Friday, October 12, 2012

Less Is More

In my last post I have written about the concept to compare Enterprise Architecture with the Matrix. In short: free your mind and open up for all the possibilities. There is no reason to stay inside the boundaries provided by the various frameworks and models. They are helping, but not the answer. The real change happens by working with the people and there is the place where the real Enterprise Architecture is happening. With and through the people.


Today I have read an interesting post of Tom Graves where he brought Ric Philipps and his definition of Enterprise Architecture being an antipattern to my awareness. The result is that I follow (just another) Enterprise Architect, which is great. The concept in that particular post is interesting, because Enterprise Architecture adds another level of complexity which might easily outweight its benefit. I personally see Enterprise Architecture (as any other form of Architecture) as waste.


There is a particular element I really like about Ric Philipps' post. And that is the underlying principle minimalism. Ludwig Mies van der Rohe has used that principle greatly (very subjective) for his approach to architecture. By reducing the definitions (frameworks, models, you name it) to the absolute minimum the Observer Effect is minimized as well. Highly complex models (amount of definitions and relationships) have indeed based on my own observation a high tendency to disturb and create more noise than sense. (e.g. the discussion about UML extend and include, or the various complexity models).

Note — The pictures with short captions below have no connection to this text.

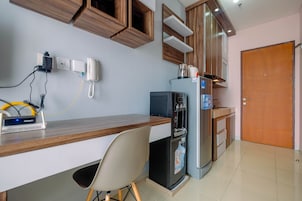 Room | Private kitchen | Fridge, stovetop, electric kettle, cookware/dishes/utensils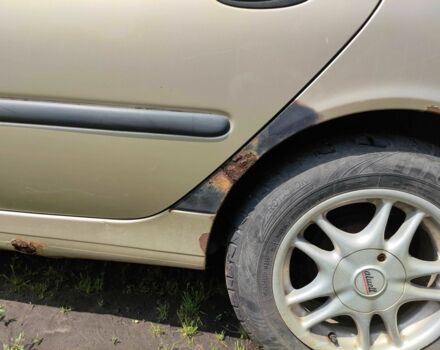 Бежевый Рено Лагуна, объемом двигателя 1.8 л и пробегом 332 тыс. км за 2200 $, фото 13 на Automoto.ua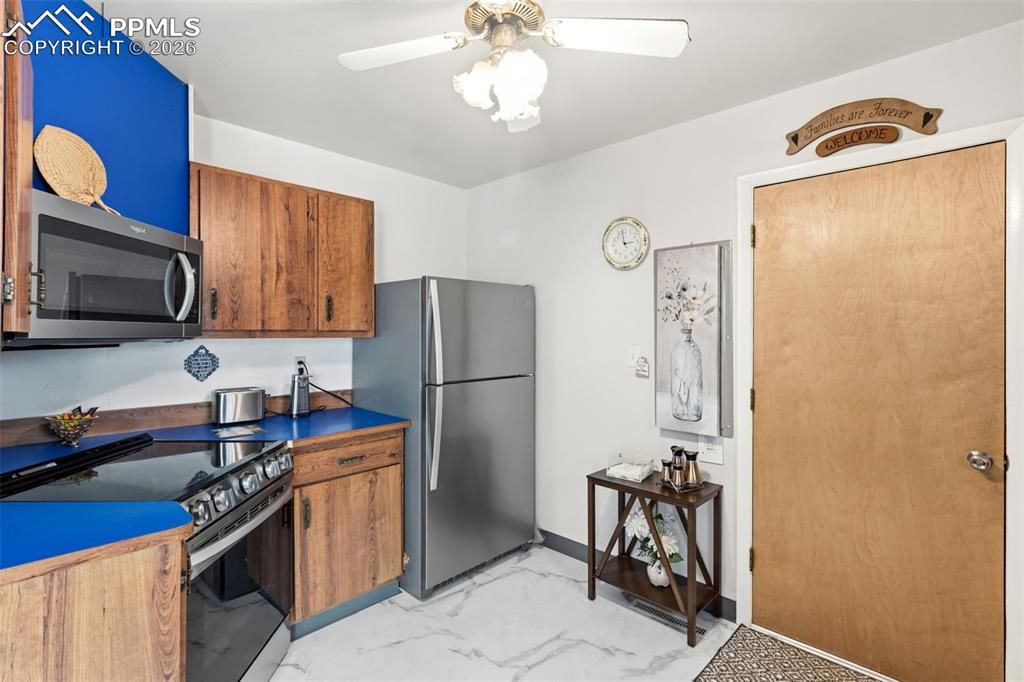 Image 10 of property listing at 1906 Mount Vernon Street, Colorado Springs, CO 80909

If you ask me the model of the world could be flat, like in discworld (despite the turtle and the elephants, that is not needed to explain it). It does work for my daily life. And even though I know that the world is a globe my senses tell me something different, because they are more sharp on experience which is directly connected to my physical experience, and almost all things I need work for that model. (Actually a map is nothing else than a 2-dimensional model of the world). But of course I am not very religious on that 2D model, most likely because I just use it and did not invent it. On GLUE i might think different, the future will tell.

Nevertheless the boxing and framing is also very useful, as Seth Godin has put it so great in his post "I want to put you in a category". The interesting thing for me is not only the boxing itself, or being trapped in the Overconfidence Effect, but especially the friction and tension created by two (or more) tribes defending their own believe and thinking (almost) to death. Of course there is a short term negative effect (and there was some very destructive examples of that in the past), but all that energy usually also creates something new, something which has not existed before. So it is very interesting to observe the heavy (and very emotional) discussion in the complexity models around Enterprise Architecture at the moment. Even though there is a lot of bad feelings on all sides I personally believe that all this negative energy has a good chance to create something new which the world has not seen before.